On leaving school he went up to Queen's College, Oxford, and represented the University twice in the Varsity Match, in 1878 and 1879, thus earning his Blue. However he was on the losing side both times.

He also made his FA Cup debut for the University in the 1877–78 competition, scoring twice in a 5–2 first round win over Hertfordshire Rangers. He was one of six first-choice players forced to miss the second replay against the Royal Engineers at the last-six stage, and a weaker University side bowed out of the competition.

He made a splash in the University's first round tie in the 1878–79 FA Cup, scoring four times in a 7–0 romp over Wednesbury Strollers, but for the 1879–80 FA Cup he pledged his loyalty to the Old Carthusians, which had now decided to enter the competition, and scored the club's first goal in the competition in a 4–0 first-round win over Acton.

Page played in three of the ties in the 1880–81 FA Cup, including the final, against the Old Etonians. He had a hand in at least one of the three goals which won the Cup for his side, the second goal coming from Edward Hagarty Parry after Etonian goalkeeper Rawlinson could only parry a Page shot; he may also have provided the pass to Tod for the third goal, although some reports credit Richards with the "assist".

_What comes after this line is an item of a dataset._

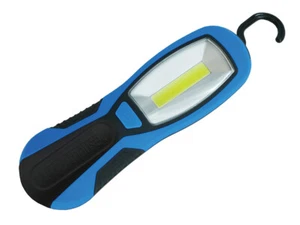 Lighthouse 2 Function LED Hand Lamp 200 lumens L/H200HAND - Picture 1 of 6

Page's last appearances in the competition came in 1882–83, with him scoring in every round until the semi-final. Along with three other regulars, he was unable to travel to Whalley Range for the match against Blackburn Olympic, and the O.C.s went down 4–0.

Page was particularly unlucky never to earn his England cap, as he was made a reserve five times between 1877 and 1882.

==Later life==

In 1884, he joined the Royal Irish Constabulary, which limited his association football possibilities. Page died on a visit to London, at 27 Westbourne Park, on 1 July 1884, and was buried in Brompton Cemetery.